Configuration properties

Name	Type	Required	Default
`nonWordChars`	string	no	"“”.¡!¿?…,;‘’'´`

A list of characters that will be removed if they are single tokens.

There are three types of annotation mapping properties. Their value is of the form:

properties

1P1sg=POSSESIVE.MST,1STPERSON.MST,SG.MST
2

Note that the properties are numbered in the configuration file. For example:

properties

1annotationsForMST.1 = A1sg=1STPERSON.MST,SG.MST  
2annotationsForMST.2 = A2sg=2NDPERSON.MST,SG.MST
3

Name	Type	Required	Default
`AnnotationsForPos`	string	no	empty

Mapping for the POS tags (primary POS returned from Zemberek API)

Name	Type	Required	Default
`annotationsForPos2`	string	no	empty

Mapping for the POS/NER tags (secondary POS returned from Zemberek API)

Name	Type	Required	Default
`annotationsForMST`	string	no	empty

Mapping for the morphological information tags (morpheme returned from Zemberek API)

Further, there are the following files that configure the Zemberek normalizer directly:

asci-map: list of auto-correct mapping
lm.2gram.slm: language model
look-up-from-graph: list of auto-correct mappings
look-up-from-graph: list of auto-correct mappings
split: list of words to be split

For more information please visit the project site of Zemberek.

System Annotation IP

The SystemAnnotation Input Processor performs simple analysis of the sentence texts to set some annotations.

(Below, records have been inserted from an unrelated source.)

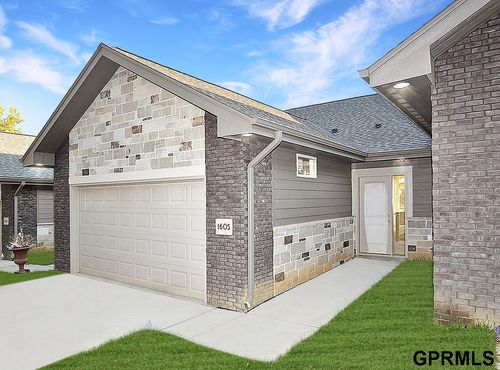 1605 Jefferson St, Bellevue, NE, 68005-3301 | Card Image
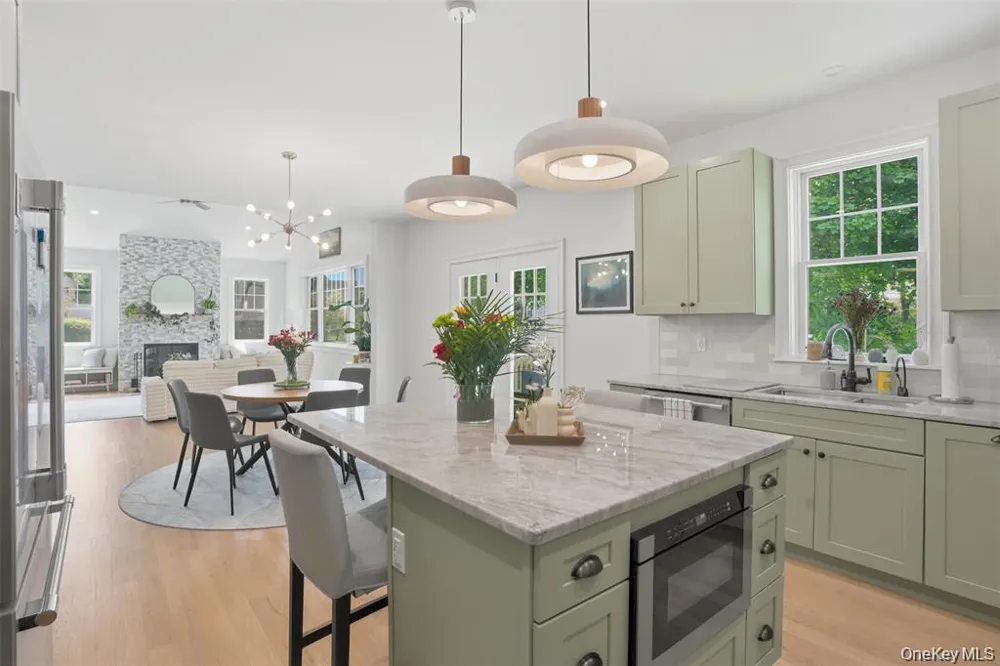 33 Howland Avenue Beacon, NY 12508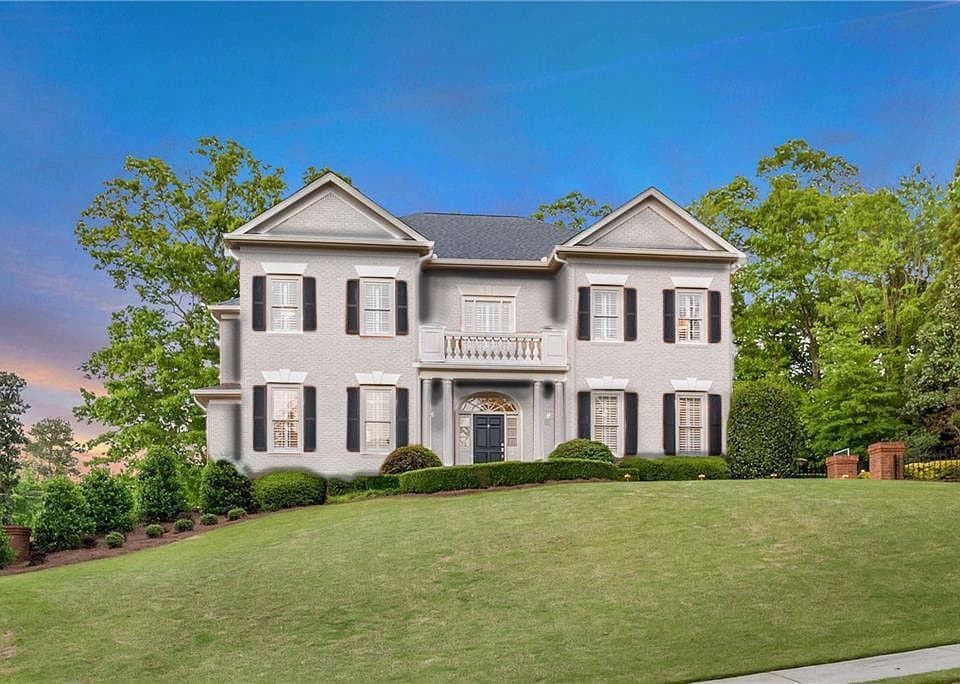 6 bedroom, 7 bathroom, 7,956 sq ft single family residence sold at 1335 Draycott Place, Atlanta, GA 30327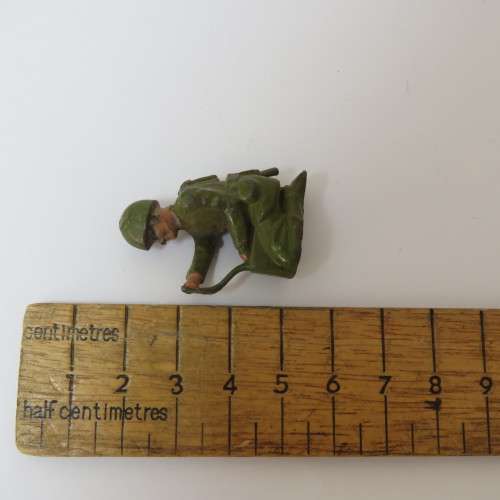 Lot of 3 vintage lead soldiers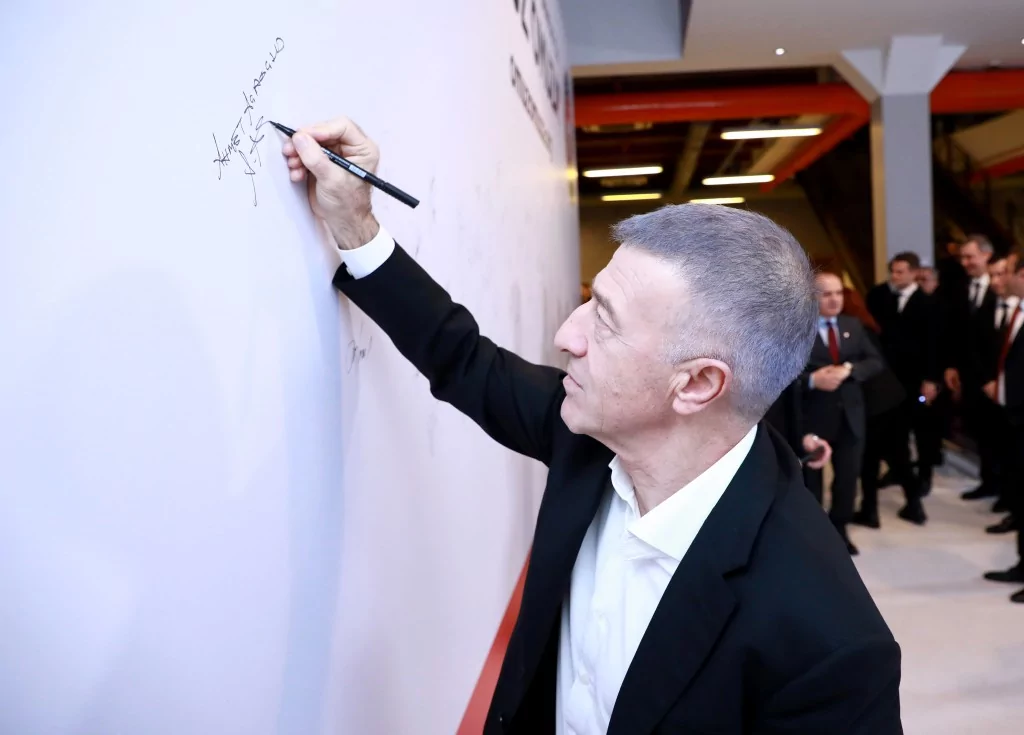 Futbol ailesinin depremzedeler için düzenlediği "Omuz Omuza" kampanyası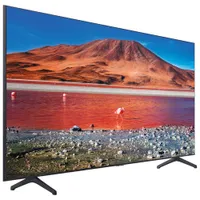 Samsung 70" 4K UHD HDR LED Tizen Smart TV (UN70TU690TFXZC) - 2023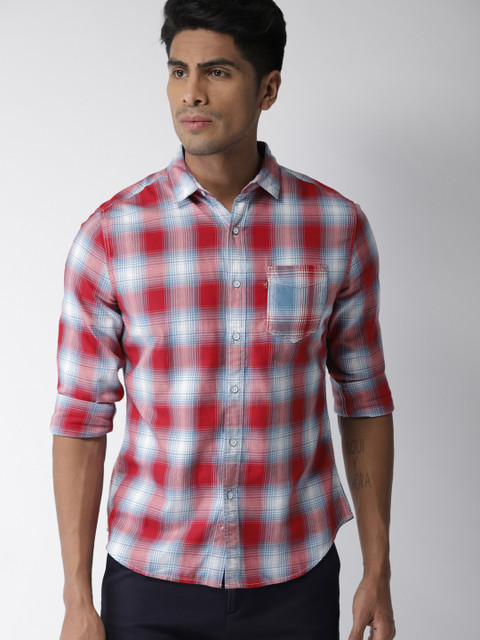 

Levis Men Red Slim Fit Checked Casual Shirt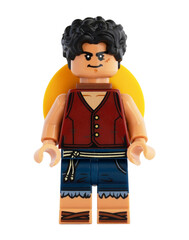 Obraz premium Dortmund - Deutschland 4. November 2025 - Lego Figur Ruffy blickt böse der Serie One Piece - Studio Aufnahme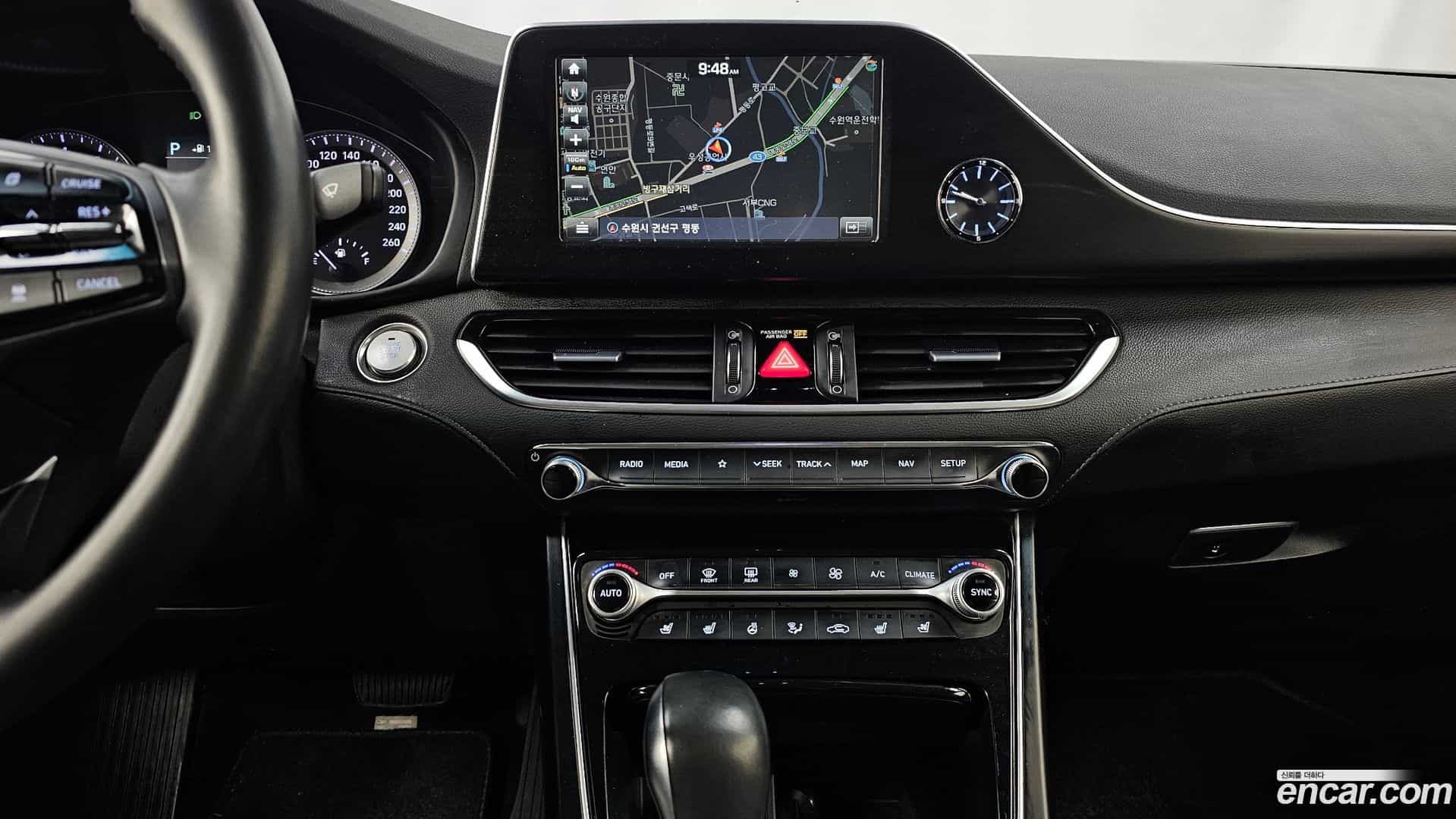 Grandeur Hyundai 2018.1-OPTION-020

The decision algorithms are configurable by various properties. Further customization is possible by sub-classing this Input Processor and overriding one or more of the methods: decideBinary, decideBrackets, decideEmpty, decideExclamation, decideNonsense, decideQuestion, decideQuote.

This IP works on the sentences passed in but does not modify them.

Other considerations

Extra request parameters read by this input processor: (none)
Processing options read by this input processor: (none)
Annotations this input processor may generate:

_EMPTY: the sentence text is empty
_EXCLAMATION: the sentence text contains at least one of the characters specified with property exclamationMarkCharacters
_EM3: the sentence text contains three or more characters in a row of the characters specified with property exclamationMarkCharacters
_QUESTION: the sentence text contains at least one of the characters specified with property questionMarkCharacters
_QT3: the sentence text contains three or more characters in a row of the characters specified with questionMarkCharacters
_QUOTE: the sentence text contains at least one of the characters specified with property quoteCharacters
_DBLQUOTE: the sentence text contains at least one of the characters specified with property doubleQuoteCharacters
_BRACKETPAIR: the sentence text contains at least one matching pair of the bracket characters specified with property bracketPairCharacters
_NONSENSE: the sentence probably contains nonsense text as configured with properties consonants, nonsenseThreshold.absolute and nonsenseThreshold.relative
_BINARY: the sentence text only contains characters specified by properties binaryCharacters (at least one of them) and binaryIgnoredCharacters (zero or more of them).

Configuration properties

Name	Type	Required	Default
`consonants`	string	no	BCÇDFGĞHJKLMNPQRSŞTVWXZ bcçdfgğhjklmnpqrsştvwxz

Contains all letters (upper and lower case) that are considered consonants in the language. Together with the properties nonsenseThreshold.absolute and nonsenseThreshold.relative these will be used for detecting probable nonsense inputs like “kljljljljjlj”.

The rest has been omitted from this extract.